November 11th marks Remembrance Day in several commonwealth nations such as Canada, the UK, and South Africa, and, much like Veterans Day in the US, is commemorated with ceremonies to honor soldiers past and present, especially those who were killed in battle.

The most notable symbol of Remembrance Day is the red poppy, which is typically pinned to one’s lapel and worn in the weeks leading up to the event, especially in Canada and the UK. This year there is a massive art installation of close to 900,000 poppies surrounding the Tower of London in commemoration of the 100th year anniversary of the First World War (as pictured above), while in Canada poppy sales broke all records, due in part to the recent murder of Cpl. Nathan Cirillo, who was shot by a “lone wolf” gunman as he was standing guard at the National War Memorial in Ottawa, on October 22.

The use of the poppy as a symbol for Remembrance Day is linked to a 1915 poem by Canadian Lieutenant Colonel John McCrae entitled “In Flanders Fields,” based on his experience in the battle of Ypres in the Flanders region of Belgium. It begins as follows:

In Flanders fields the poppies blow/Between the crosses, row on row,
/That mark our place; and in the sky
/The larks, still bravely singing, fly
/Scarce heard amid the guns below.

Among other things, these lines have been memorialized on the ten-dollar bill, and are the closest thing to a “sacred” text in the collective Canadian imagination. Despite this status, however, the closing lines of the poem are rarely heard these days in official ceremonies, though they were ubiquitous during the First World War as a tool of propaganda, especially in the federal elections of 1917 in the heat of the Conscription Crisis. They read:

Take up our quarrel with the foe:
/To you from failing hands we throw/The torch; be yours to hold it high.
/If ye break faith with us who die
/We shall not sleep, though poppies grow
/In Flanders fields.

As historian Ian McKay observes, these militaristic sentiments gave way to a more circumspect reading in Canada by the war’s end, as the horrors of trench warfare and the massive death toll—“the war to end all wars”—were revealed and a social narrative of “never again” began to take hold.

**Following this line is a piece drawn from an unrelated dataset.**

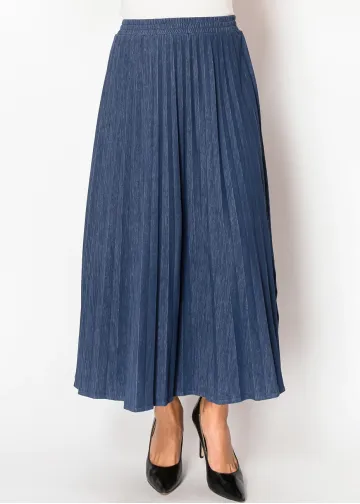 Deep Blue Denim Pleated Skirt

The use of the poem today, with the poppy as its’ symbolic emblem, has been re-inscribed in ever new chains of signification, and is commonly linked with the “support our troops” slogan, popularized during the war in Vietnam and reproduced during the so-called “war on terror.”

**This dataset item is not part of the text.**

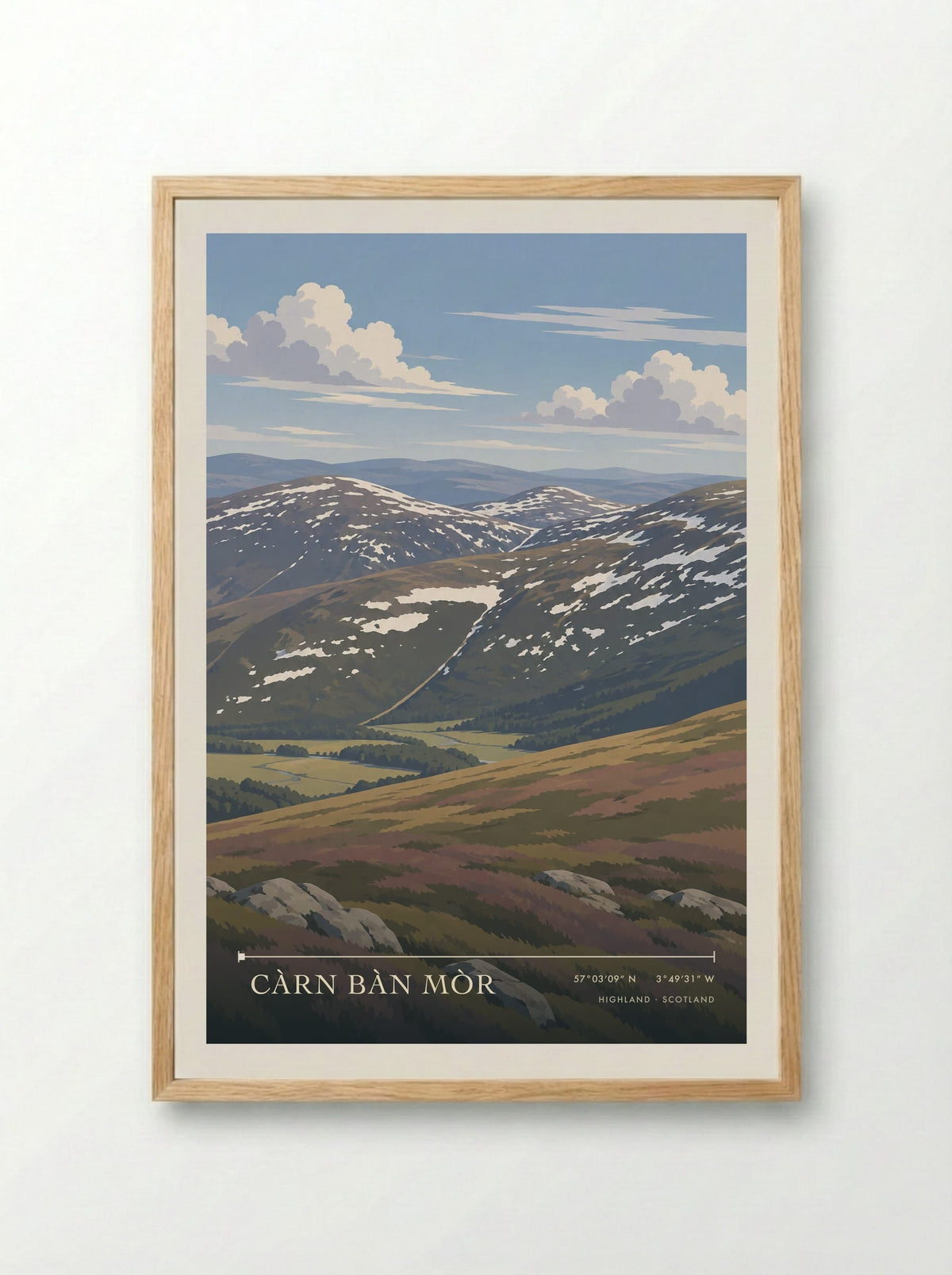Càrn Bàn Mòr, Highland | Travel Poster - Framed Print Wood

One thing that remains consistent throughout this nearly 100-year historical narrative is the sacralization of soldiers’ bodies as the focal point of public attention, where the real personal sacrifices of those killed or wounded in battle are attached to concepts such freedom and democracy, including pro-war sentiments like those mentioned above that urge us to continue the battle lest they die in vein, to anti-war sentiments, such as the white poppy campaign, or the startling number of veteran suicides in the wake of the wars in Afghanistan and Iraq.

One thing that interests me about this narrative is how it resembles many public discourses about religion, where simplified representations of complex historical and contemporary phenomena are filled with meaning that reflect the ideas and interests of those who take them up in the present, which then become charged by reference to some imagined sacred past. Pierre Bourdieu offers a useful way to think about this problem in his book Language and Symbolic Power when talking about the use of political and religious language:

Specialized discourses can derive their efficacy from the hidden correspondence between the structure of the social space within which they are produced—the political field, the religious field, the artistic field, the philosophical field, etc.—and the structure of the field of social classes within which the recipients are situated and in relation to which they interpret the message. (41)

In this sense, the discourse surrounding Remembrance Day has at its core the idea of sacrifice that is reflected differently depending on the structure or make-up of the field in which it is represented. For those in the military or with families and friends touched by war, for example, it tends to mean something very different than for those who don’t have such a personal connection. Here the rhetoric about soldiers’ bodies serves as a powerful device for creating “affective publics” that must use these sacralised bodies as the primary site of discourse in support or opposition to the wars in question, past or present. What is often minimized or excluded from these debates are the complex histories, motivations, and interests that guide the decisions to go to war in the first place, to say nothing of how such ventures may or may not be linked to ideas like democracy and freedom.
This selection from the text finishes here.